Single by Eddy Grant

from the album Walking on Sunshine
- B-side: Sunshine Jam
- Released: 1979
- Recorded: 1979
- Genre: Disco; funk;
- Length: 5:20
- Label: Ice Records
- Songwriter: Eddy Grant
- Producer: Eddy Grant

Eddy Grant singles chronology
| "Living on the Front Line" (1979) | "Walking on Sunshine" (1979) | "My Turn to Love You" (1980) |

= Walking on Sunshine (Eddy Grant song) =

1979 song by Eddy Grant

"Walking on Sunshine" is a song by Eddy Grant, and the title track of his third studio album.
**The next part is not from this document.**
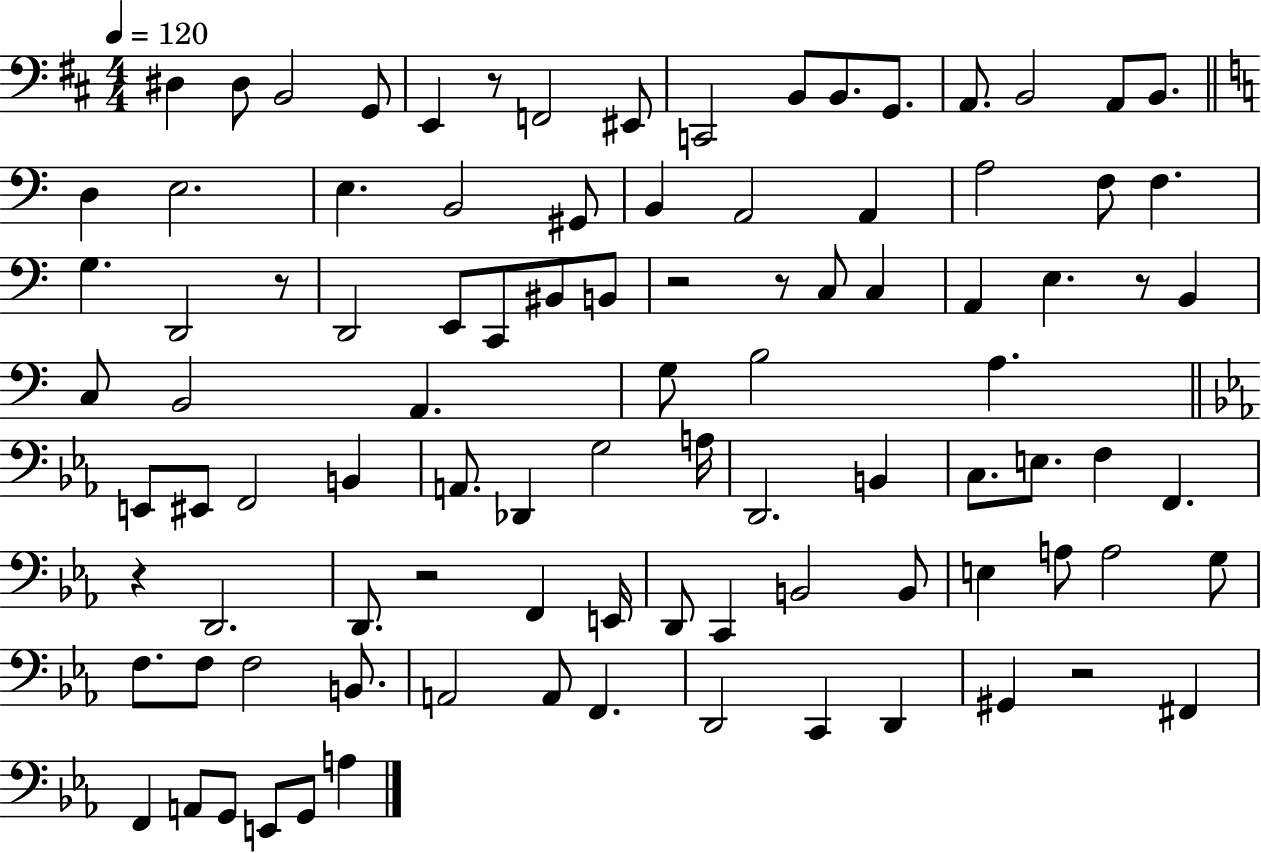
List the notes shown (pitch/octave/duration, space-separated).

D#3/q D#3/e B2/h G2/e E2/q R/e F2/h EIS2/e C2/h B2/e B2/e. G2/e. A2/e. B2/h A2/e B2/e. D3/q E3/h. E3/q. B2/h G#2/e B2/q A2/h A2/q A3/h F3/e F3/q. G3/q. D2/h R/e D2/h E2/e C2/e BIS2/e B2/e R/h R/e C3/e C3/q A2/q E3/q. R/e B2/q C3/e B2/h A2/q. G3/e B3/h A3/q. E2/e EIS2/e F2/h B2/q A2/e. Db2/q G3/h A3/s D2/h. B2/q C3/e. E3/e. F3/q F2/q. R/q D2/h. D2/e. R/h F2/q E2/s D2/e C2/q B2/h B2/e E3/q A3/e A3/h G3/e F3/e. F3/e F3/h B2/e. A2/h A2/e F2/q. D2/h C2/q D2/q G#2/q R/h F#2/q F2/q A2/e G2/e E2/e G2/e A3/q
It was released as a single in 1979. Grant's original version was not a hit, but the song was remade three years later by Rockers Revenge, a studio project assembled by producer Arthur Baker, which became the hit version.
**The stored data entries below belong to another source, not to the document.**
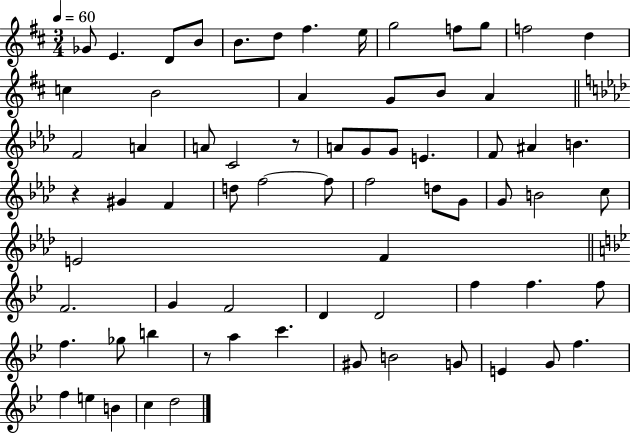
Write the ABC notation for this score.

X:1
T:Untitled
M:3/4
L:1/4
K:D
_G/2 E D/2 B/2 B/2 d/2 ^f e/4 g2 f/2 g/2 f2 d c B2 A G/2 B/2 A F2 A A/2 C2 z/2 A/2 G/2 G/2 E F/2 ^A B z ^G F d/2 f2 f/2 f2 d/2 G/2 G/2 B2 c/2 E2 F F2 G F2 D D2 f f f/2 f _g/2 b z/2 a c' ^G/2 B2 G/2 E G/2 f f e B c d2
==Rockers Revenge version==

Rockers Revenge released their version as a single in 1982, with vocals by Donnie Calvin. It peaked at number four on the UK Singles Chart and reached the top thirty in Belgium, the Netherlands, and New Zealand. The single did not chart on the Billboard Hot 100, but was number one on the Billboard Hot Dance Club Play chart for one week and also peaked at number 63 on the Billboard Hot Black Singles chart. The song's bassline would later be sampled in Eleanor's 1988 song "Adventure", itself a number-one Dance Club Play hit in 1988.

===Personnel===
- Fred Zarr – bass guitar, keyboard instrument
- Donnie Calvin – vocals
- Bashiri Johnson – percussion
- Jellybean Benitez and Arthur Baker – mixers

===Chart performance and certifications===
====Weekly charts====

| Chart (1982) | Peak position |
|---|---|
| Belgium (Ultratop 50 Flanders) | 19 |
| Netherlands (Single Top 100) | 20 |
| New Zealand (Recorded Music NZ) | 30 |
| UK Singles (Official Charts) | 4 |
| Billboard Hot Dance Club Play | 1 |
| Billboard Hot Black Singles | 63 |

====Certifications====

| Region | Certification | Certified units/sales |
| United Kingdom (BPI) | Silver | 250,000^{^} |
^{^} Shipments figures based on certification alone.